While it’s easy, and even a bit unfair, to use the benefit of hindsight to scoff at such assertions, history is full of examples of leaders and businesses underestimating the potential for their assumptions to be wrong — often with disastrous consequences.
So while trying to accurate predict the future is by no means easy, it’s an exercise every leader and organisation must engage in (albeit with a healthy dose of humility).
After all, ignoring emerging trends or becoming overly absorbed in the present is naïve or even reckless. In the words of London Business School professor Gary Hamel, “You can’t outrun the future if you don’t see it coming. Individuals who get startled by the future weren’t paying attention”.
Naturally, the question then is: what should a leader be paying attention to in order to be future-ready?
In order to thrive in turbulent times, you must get good at identifying the difference between distractions and disruptions — between waves and tides. Jump at every wave and you’ll soon lose the leadership credibility required when you sense the tide is finally turning.

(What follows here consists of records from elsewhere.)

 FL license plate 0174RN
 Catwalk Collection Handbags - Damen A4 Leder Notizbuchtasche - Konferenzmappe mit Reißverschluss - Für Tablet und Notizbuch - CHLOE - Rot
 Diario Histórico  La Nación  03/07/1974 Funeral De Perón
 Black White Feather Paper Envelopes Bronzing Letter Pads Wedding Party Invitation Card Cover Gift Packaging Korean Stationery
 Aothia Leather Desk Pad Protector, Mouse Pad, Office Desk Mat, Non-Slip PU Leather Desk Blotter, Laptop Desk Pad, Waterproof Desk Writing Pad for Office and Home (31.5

Business theorists will often refer to these ‘tides’ as discontinuities. In an organisational context, ‘discontinuities’ are defined as unforeseen changes that confound existing assumptions or expectations. Sometimes labelled ‘Black Swans’, these are the ‘unknown unknowns’ that Donald Rumsfeld referred to all those years ago.
The fact that discontinuities are hard to predictable means they represent a huge opportunity for the alert, the prepared and the adaptable. After all, as Harvard Business School professor Clayton Christensen points out, “By the time the writing is on the wall, everyone can read it”.

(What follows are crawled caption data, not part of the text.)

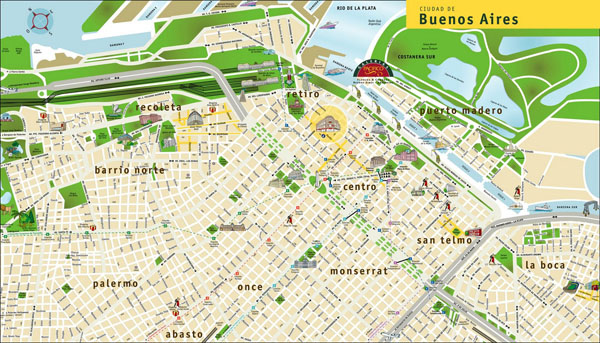 Large detailed travel map of Buenos Aires city.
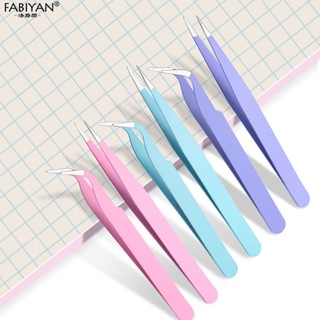 Fabiyan แหนบสเตนเลส สีมาการอง  แหนบคีบ ที่คีบ แบบปากตรง และ ปากงอ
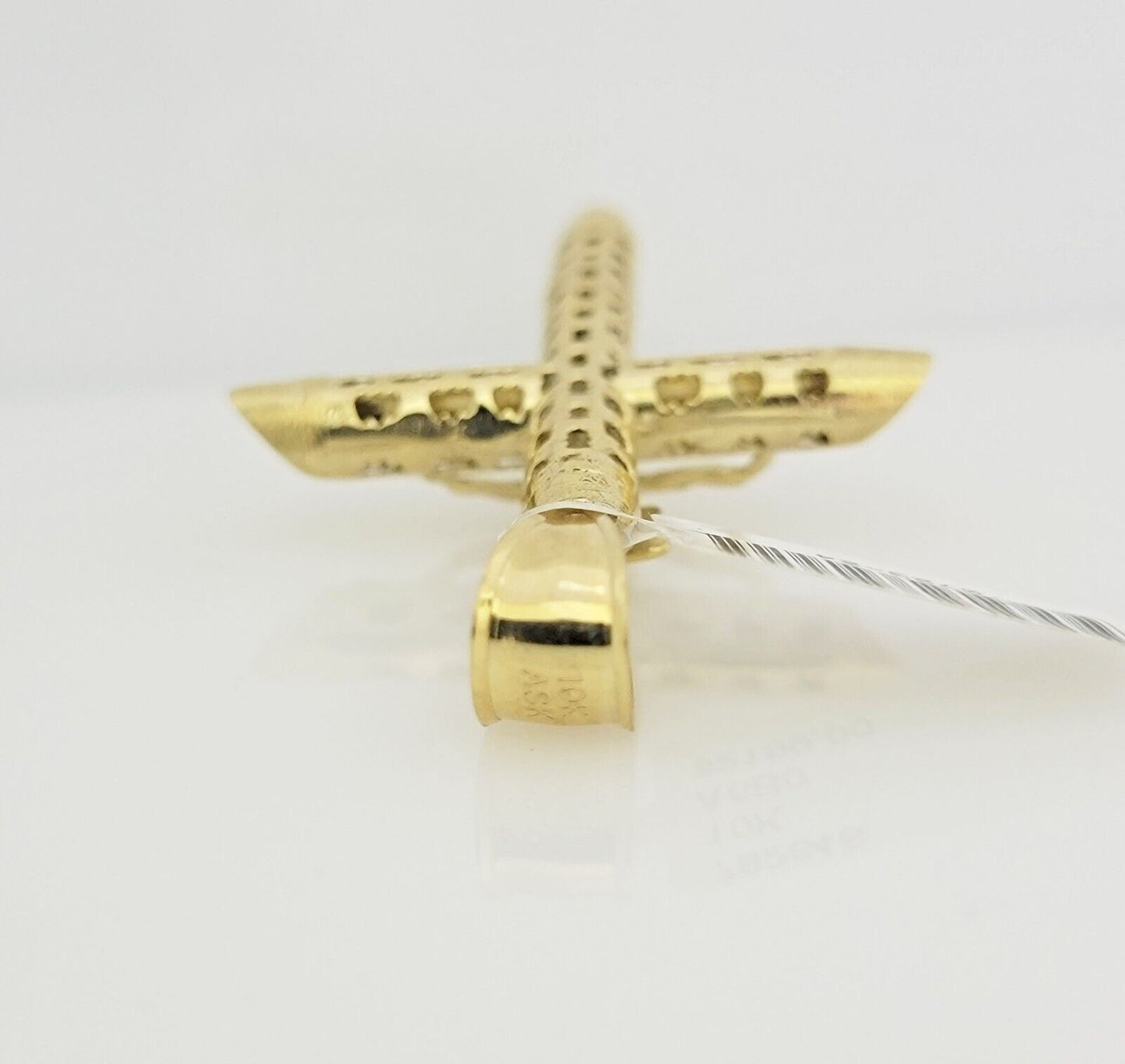 Real 10k Gold Chain Pendant SET Jesus Cross Charm Solid Rope Necklace 4mm 24Inch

Being future-ready also means honing your peripheral vision. I recently heard it said that most business leaders today are looking through the wrong lens when trying to identify disruption. Rather than seeking out a telescope with which we scan the horizon, we’d be better off reaching for a wide-angle lens that will help us monitor the periphery.
Smart leaders and visionary leaders know that preparing for, pre-empting and embracing disruption is the only way to ensure you don’t become a victim of it. Discerning what the future holds can be tough — but not as tough as the pain of being caught off-guard.